As Death drew nearer, the permanent civil servants of Britain's Foreign Office spoke of "Uncle Arthur" last week as destined to rank in history with Lord Salisbury, Grey of Fallodon and Curzon. To these civil servants, who have seen his League policies of Peace and Disarmament broken one by one and Mr. Henderson himself treated as an interloper at Geneva by his British successors, he was a great Foreign Secretary. When Death came at 8 p. m. on the Sabbath, London's Times said on Monday: "He was the embodiment of the qualities and aspirations of the Labor Party."

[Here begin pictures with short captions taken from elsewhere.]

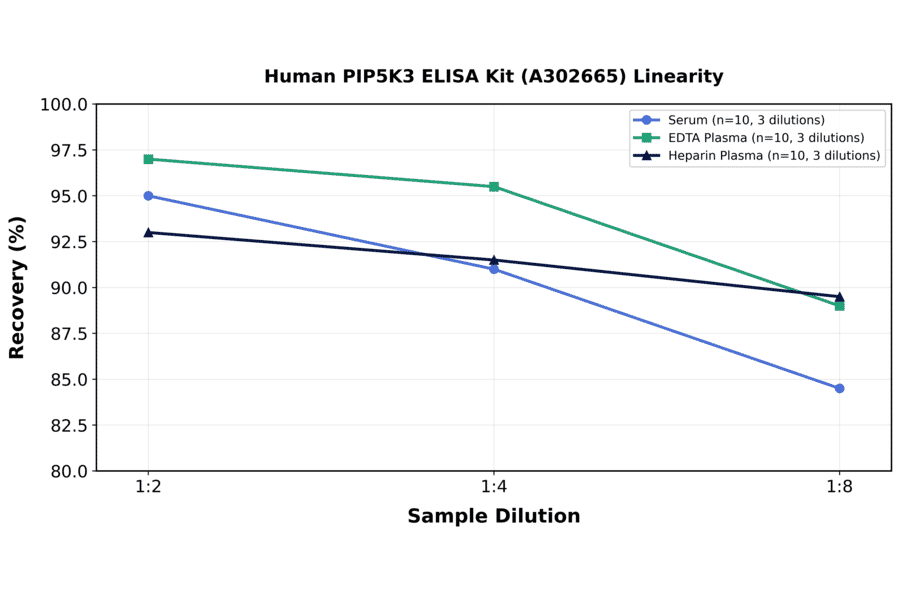 Linearity - Human PIP5K3 ELISA Kit (A302665) - Antibodies.com
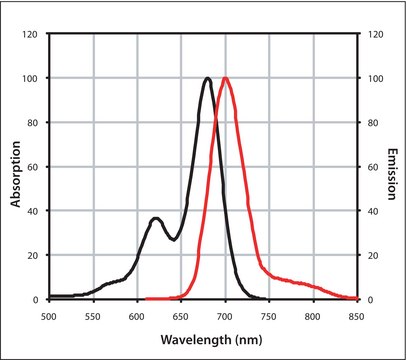 Anti-Mouse IgG (H+L), highly cross-adsorbed, CF&#8482; 680R antibody produced in donkey ~2&#160;mg/mL, affinity isolated antibody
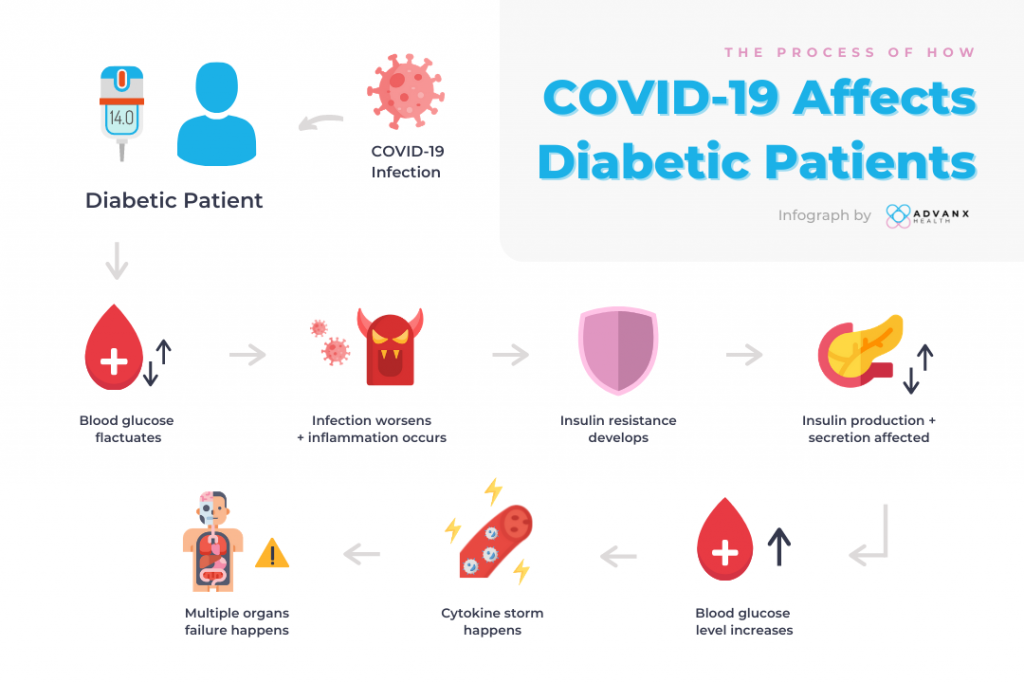 The process of how COVID-19 affects diabetic patients
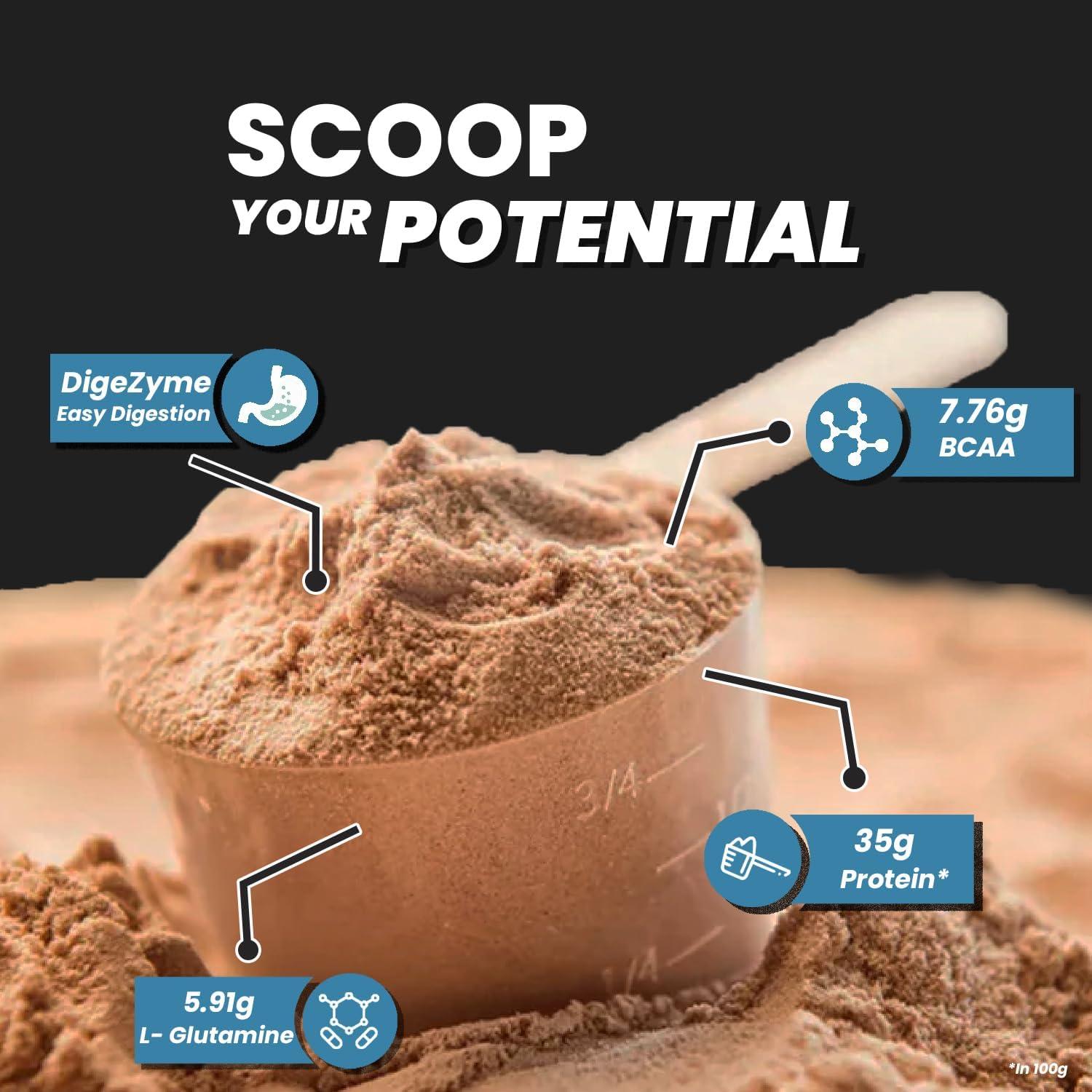 Fitspire Fitspire Fit Super Whey Protein For Men & Women | 36g Protein Per 100g Serving | 7.6g BCAA Ratio | 100% Whey Protein For Muscle Growth & Recovery - Pack Of 2 | (Gourmet Coffee)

In 1917 Prime Minister David Lloyd George thought highly enough of Arthur Henderson, onetime iron-molder, onetime Salvation Army soldier, to send him to Russia with amazing credentials which superseded for the duration of his stay the authority of King George's Ambassador. On the afternoon of "Uncle Arthur's" death last week, Mr. Lloyd George chanced to be making an election speech which might well serve as Mr. Henderson's ironic epitaph.

"Mussolini today is the God of War, breathing fire, slaughter and defiance," cried Orator Lloyd George, "but only a few years ago Mussolini issued a great State paper, one of the greatest ever penned by any nation's leader, in which he urged Disarmament." Instead of seizing upon this and other peaceful initiatives then current, Britain and other Great Powers made a mockery of President Henderson's Disarmament Conference.

Concluded the unconscious epitaph: "It is a sorry and a miserable tale, a tale of weakness, hesitation, indecision, delay, procrastination and of acting months too late. Economic sanctions if applied in time are effective, but if applied too late are worse than useless. They are a sham. They are a mockery."

Crowning mockery, as the sorrowing friends of Arthur Henderson pass his bier this week, is that Britain's National Government are confident that they can win a general election by acting belatedly at Geneva as he would have wished, and by simultaneously going to the country with a $1,000,000,000 British rearmament program. This week the World's hopes of Disarmament and the Disarmament Conference can be said to have died with President Henderson.